SÜT ÜRETİMİ İLE İLGİLİ BİR TEŞHİS
Vücudunuzda hamileliğin 4. ayından itibaren bir aşçı işe başlar. Dünyanın en profesyonel aşçısıdır. Hem mükemmel yemek yapar hem de israf edip de vücudun malzemelerini boşa harcsmaz ( kalsiyum, protein, vitamin, mineral, karbonhidrat ve yağ) . Mutfağına gelir gelmez kolostotrum denen ilk mucizevi yemeğini yapmak için çalışmalara başlar. Onun derdi gücü bebektir ve onu en iyi şekilde beslemekten sorumludur. Mutfakta bebeğin doğumu için sabırsızlıkla bekler. Bebeğin geldiğnin işareti plasentanın ( bebeğin eşinin) vücuttan ayrılmasıdır.
Evet ve beklenen an gelir plasenta gitti mutfakta kırmızı alarm aşçımız heyecanlı. Kolostotrum çoktan hazır ve tezgahın üzerinde ( memede). Garsonu bekliyor gelip yemeği bebeğe ulaştırması için ( garson anne). İlk yemek olan kolostotrum sarı koyu kıvamlı ve içerik olarak, bebeği geldiği bu yeni ortamdaki hastalıklardan korumak için adeta bir zırh gibi. Bebek nihayet ağzına memeyi aldı aşçımız telaşlı üretim başladı yemek son sürat hazırlanıyor bebek asla aç kalmamalı. Birkaç gün bu kıymetli yemeği son sürat yapmaya devam ediyor. Gün geçtikçe artık bebeğin ihtiyacının değiştiğini bilmektedir kolostotrum sonrası ikinci yemek ( geçiş sütü) ve sonrasında olgun süt ( beyaz süt) hazırlanacak. Fakat aşçımız heyecanından ve bebeği koruma çabasından yemek miktarını epey abartıyor " aman fazla olsun az olmasın yemek, bebek katiyen aç kalmamalı, ben her ihtimale karşı bol bol yapayım da tezgahın üzerinde dursun" diyor . Garson gelip ne zam bebeğe yemek götürse aşçı panik içinde "çabuk hızlı daha hızlı olmalıyım bebek besleniyor"

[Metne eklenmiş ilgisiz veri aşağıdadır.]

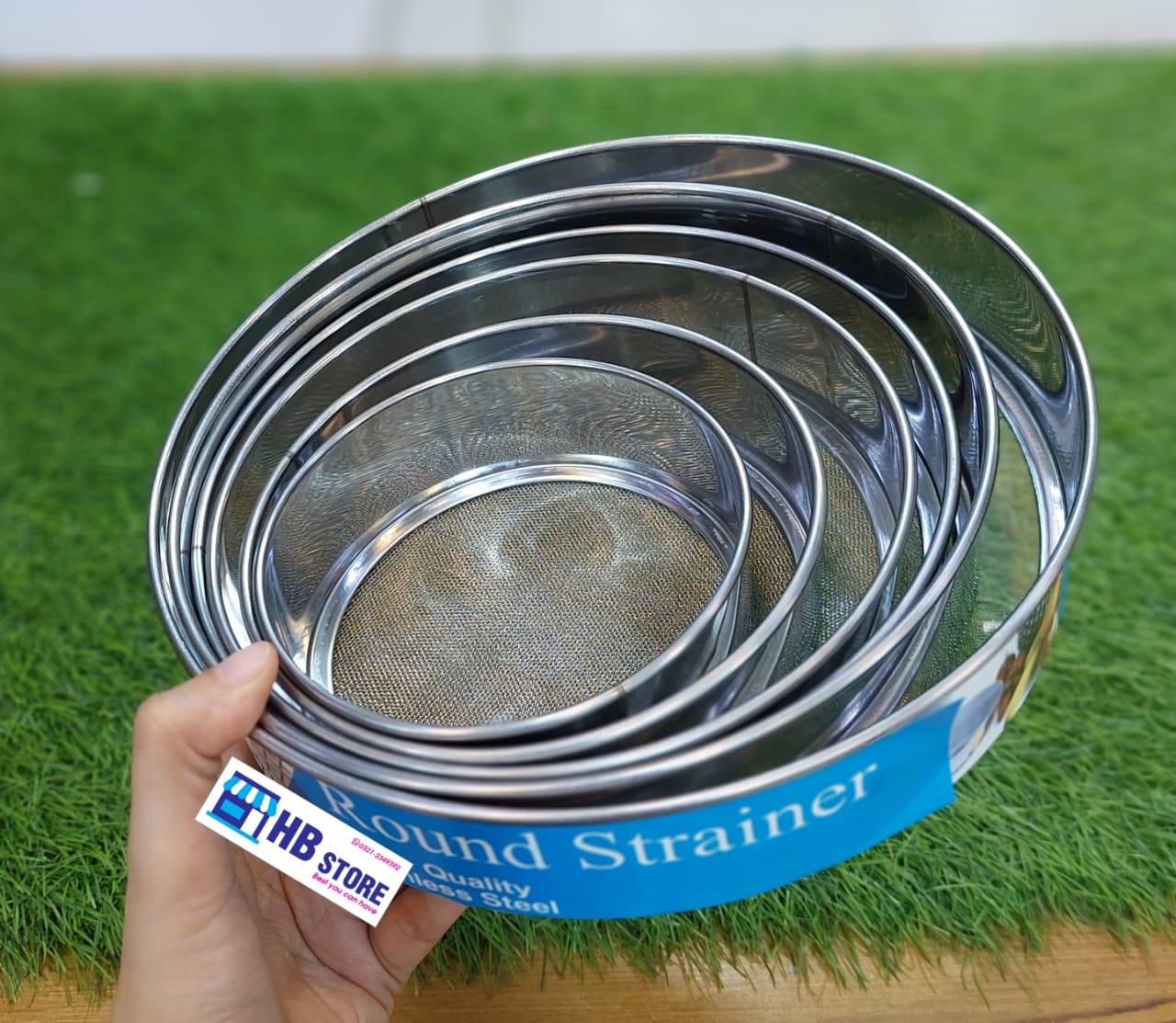 6Pcs Strainer Set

Fakat ne oluyor aşçının canını sıkan bir durum var. Garson geliyor gidiyor" yemek yetecek mi? Var mı yok mu? Bebek aç mı?" Diye söylenip duruyor. Aşçı şimdilik bunlara kulağını tıkamış çünkü onu garsonun fikirleri değil sadece bebek ilgilendiriyor.
Bu kırıcı laflara aldırmadan yemekleri yapıp tezgahın üzerine koymaya devam ediyor. Yemek yendikçe tabi ki tezgahın üzerinde eski yemekler yığılmıyor fırında sürekli yenisi pişmekte ve saniyeler içinde de hazır. Her şey yolunda aşçı mutlu ne güzel yemekleri iştahla yeniyor taze taze büyük bir hızla tükeniyor ve o her seferinde daha fazla daha fazla pişiriyor. Tek sorun şu garsonun kaygıları.
Zaman içinde aşçı ve bebek arasında şöyle bir bağ gelişir aşçı bebeğin günlük yemek ihtiyacını öğrenir ve artık yemekleri tam bebeğin ihtiyacı kadar pişirir. Tezgahta gereksiz yere yemek yığılmaz. Zaten bu kadar kıymetli malzeme neden israf olsun ki? Bunlar vücut için hayati önem taşıyan maddeler. Artık ihtiyaç kadar yemek pişecektir ( meme terbiyesi)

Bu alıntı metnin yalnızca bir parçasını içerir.